▶ **DATA SUPPLIED**
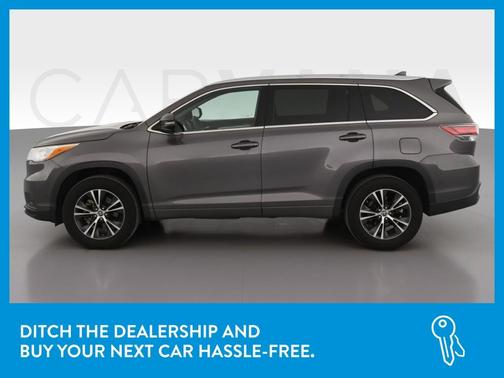 Photo 4 of 42 of 2016 Toyota Highlander XLE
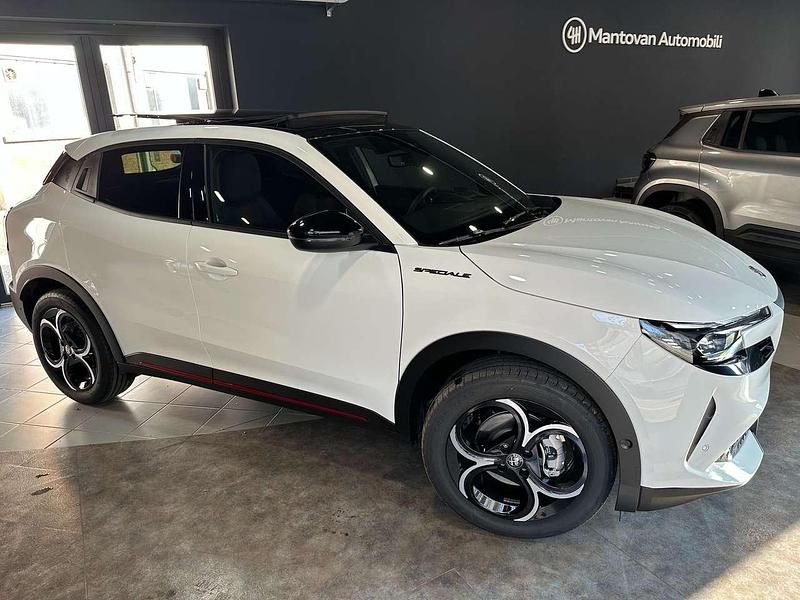 Nuova Alfa Romeo Junior Edizione Speciale 136 CV (100 kW) 2025 Bianco alfa SUV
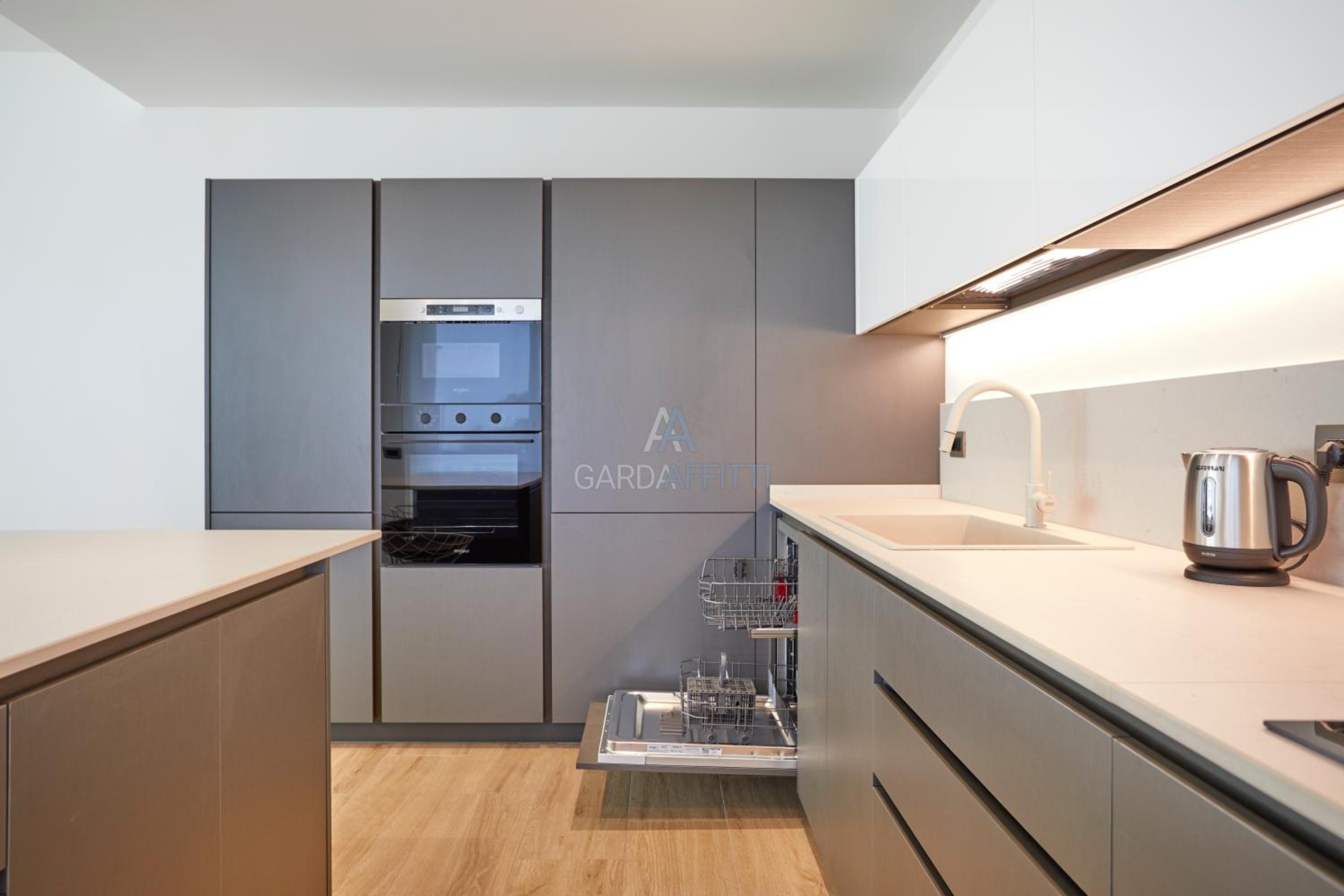 Diamond Lake View - Prestige Villa a 100m dal Lago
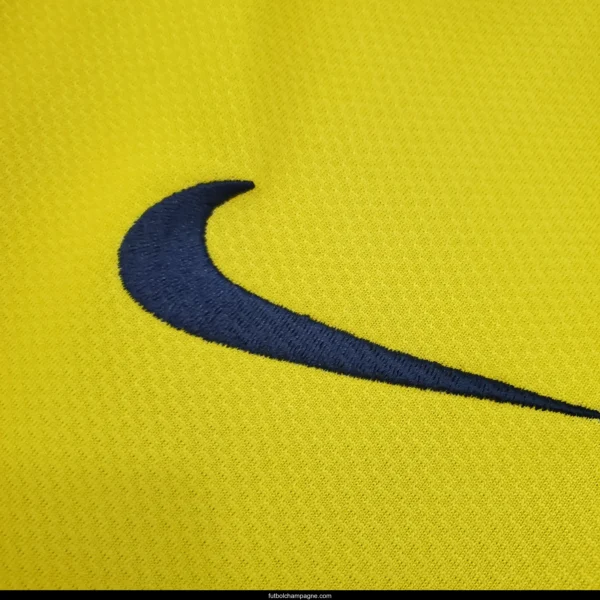 Retro Barcelona 08_09 away Soccer Jersey - Image 3
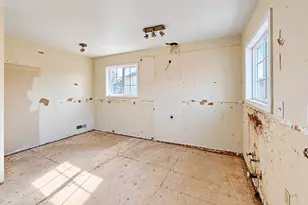9515 Castlewood St, Oakland, CA 94605 - Photo 14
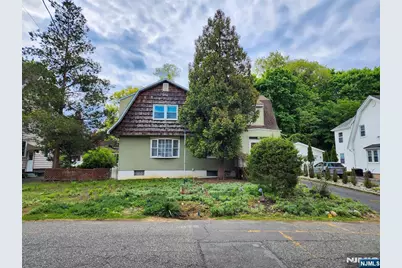 88 Columbus Avenue, Harrington Park, NJ 07640 - Photo 1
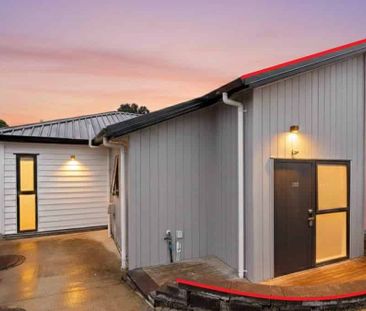 Modern Duplex - 2 Bed, 1 Bath - Photo 5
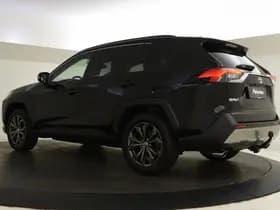 Toyota RAV4 thumbnail 6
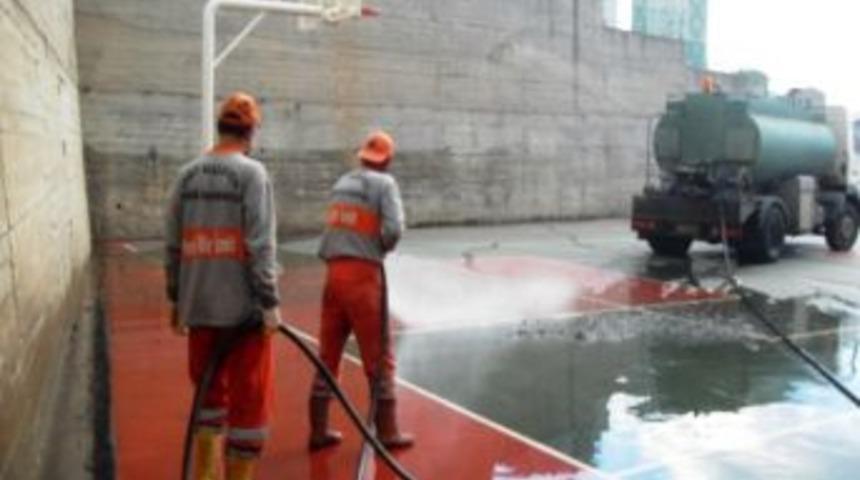 Okul Bah&ccedil;eleri Yıkanıyor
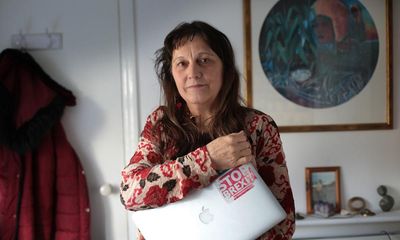 Visitor to UK parliament made to cover ‘stop Brexit’ sticker on laptop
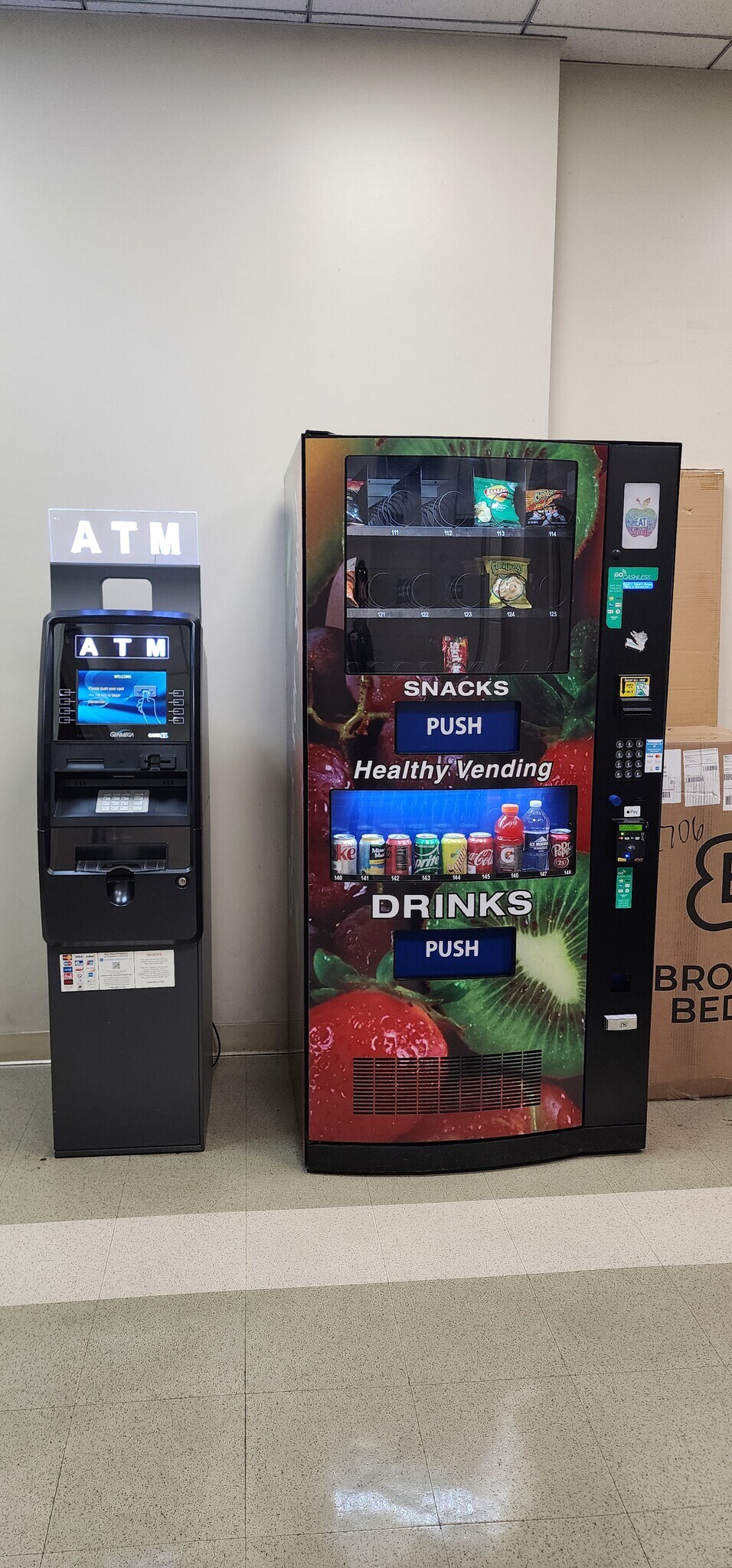 Vending on Premises - 400 N La Salle Dr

▶ **TASK DIRECTIONS**
An exact copy of the material above is required, free of any pictures.

▶ **SOLUTION FOR THIS TASK**
 Photo 4 of 42 of 2016 Toyota Highlander XLE
 Nuova Alfa Romeo Junior Edizione Speciale 136 CV (100 kW) 2025 Bianco alfa SUV
 Diamond Lake View - Prestige Villa a 100m dal Lago
 Retro Barcelona 08_09 away Soccer Jersey - Image 3
9515 Castlewood St, Oakland, CA 94605 - Photo 14
 88 Columbus Avenue, Harrington Park, NJ 07640 - Photo 1
 Modern Duplex - 2 Bed, 1 Bath - Photo 5
 Toyota RAV4 thumbnail 6
 Okul Bah&ccedil;eleri Yıkanıyor
 Visitor to UK parliament made to cover ‘stop Brexit’ sticker on laptop
 Vending on Premises - 400 N La Salle Dr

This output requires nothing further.